Communicating In The Age of Influence
The first thing to recognize in what I like to call 'The Age of Influence' is that brands no longer control their image. Peer recommendations and the ratings and reviews of complete strangers are perceived as more valuable and true than anything a brand can say for itself. If you've got nothing to hide, this can still be a little intimidating. If you're not totally forthright and honest, this can be terrifying.
The most successful brands in the Age of Influence are ones that recognize and respond to people's natural, very human fears, desires, and hopes. Whether they appeal to the tenderness of the heart, like Dove, or the carpe-diem thrill-seeker in us all, like Red Bull, these brands keep a finger on the cultural pulse, and know how to communicate in a way that enriches our lives.

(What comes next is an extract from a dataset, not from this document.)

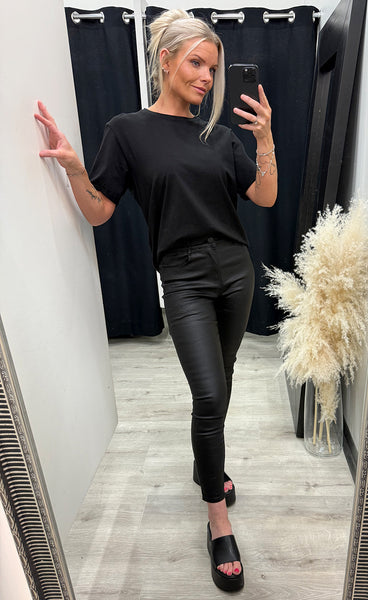 Terina organic tee - black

There are four basic behaviors that are essential for success in The Age of Influence:
- Be genuine.
- Practice transparency.
- Respond frequently and thoroughly.
- Embrace the ratings and reviews environment.

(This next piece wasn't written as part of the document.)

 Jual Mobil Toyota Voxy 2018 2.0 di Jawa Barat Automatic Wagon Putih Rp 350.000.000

If you're going to ask for something from your audience (i.e. their attention, in whatever form that may be), then you should expect to give something back. In the Attention Economy, not all transactions are financial; in fact, many are not. The best brands know how to exchange their own vulnerability for their audience's attention.
Vulnerability is currency in the Attention Economy.

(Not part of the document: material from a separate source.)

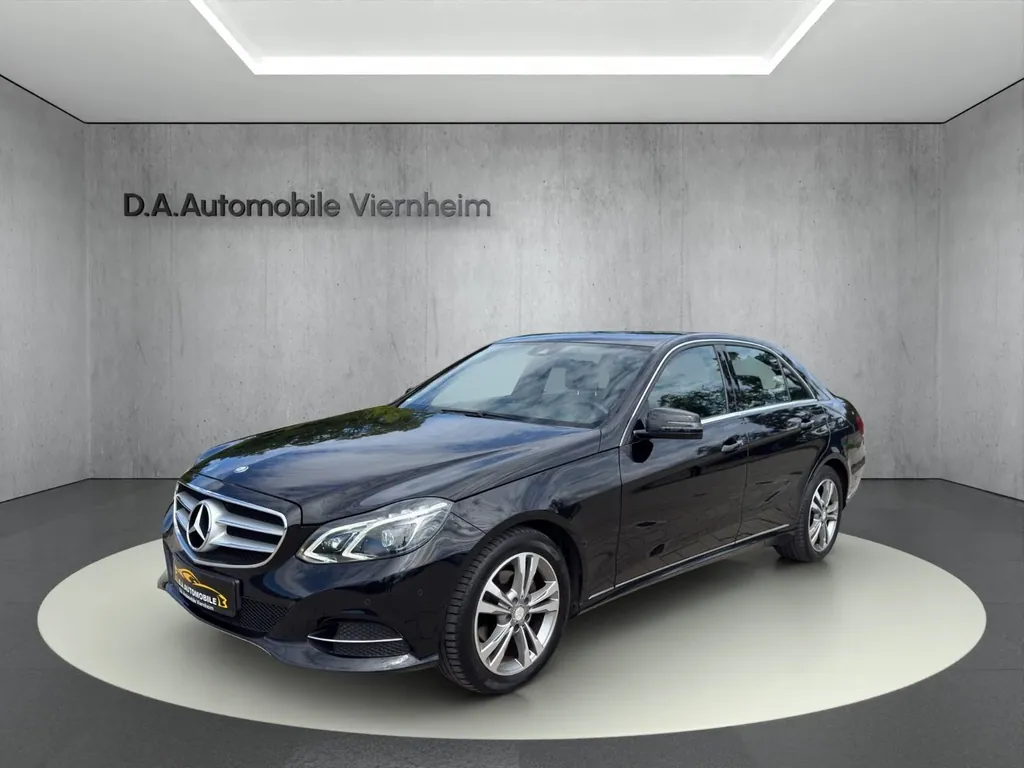 Mercedes-Benz E 200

Transparency is a near relative of genuine and vulnerable behavior in that all of these concepts are measures of honesty. If "being genuine" has to do with how you communicate, then "transparency" has more to do with what specifically is communicated and to what depth of detail. Applying just the right amount of transparency in everything from your website to your Snapchat should draw people into your world or the world you are representing.
Transparency goes to the core of what is human about social media and why people use it.
Responding Frequently & Thoroughly
42% of Facebook users expect a response from a brand within 60 minutes. 32% expect a response within a half hour. The demand is high, but the payoff is also extraordinary:
- 56% of consumers who interact with a brand feel a stronger connection with the brand.
- 50% of consumers are more likely to buy from a brand they can contact on social media.
- 71% of consumers who receive a quick and effective response are more likely to recommend that brand to others.
Nothing is more powerful in marketing than an unexpected gesture of connecting and caring right when a customer needs it.
Embracing the Ratings & Reviews Environment
Starting with the obvious: social media is about interaction with other users, not attention to buying opportunities. People talk, and you can't control what they say about you. While you can attempt a defensive position through the help of a number of "internet reputation" companies, the best defense is a great offense. By implementing the above Age of Influence behaviors, you dramatically reduce the likelihood of an attack. But attacks happen. Learn to embrace the ratings and reviews environment.
92% of consumers trust recommendations from other people (even someone they don't know) over branded content.
The Future Belongs to the Human Brands
With the rise of social media, niche marketing, and the Attention Economy, we have seen a shift from mass-market directives to personal, value-adding communications. In the coming years, this trend will continue to accelerate, and we will see a greater number of brands adapt more "human" voices and personable styles of communication. But the revolution is still in its infancy.
As more businesses discover success by practicing the core behaviors in Finally Human, the Attention Economy will tighten once more. In other words, user-attention will be captured by the brands who know how to act like humans, thereby shrinking the supply of 'attention' for brands that are late to the game.
Currently, "being human" is something of a novelty in brand communications. It isn't very common and consumers certainly don't expect it. However, it's only a matter of time before "being human" is the new baseline for successful brand communications.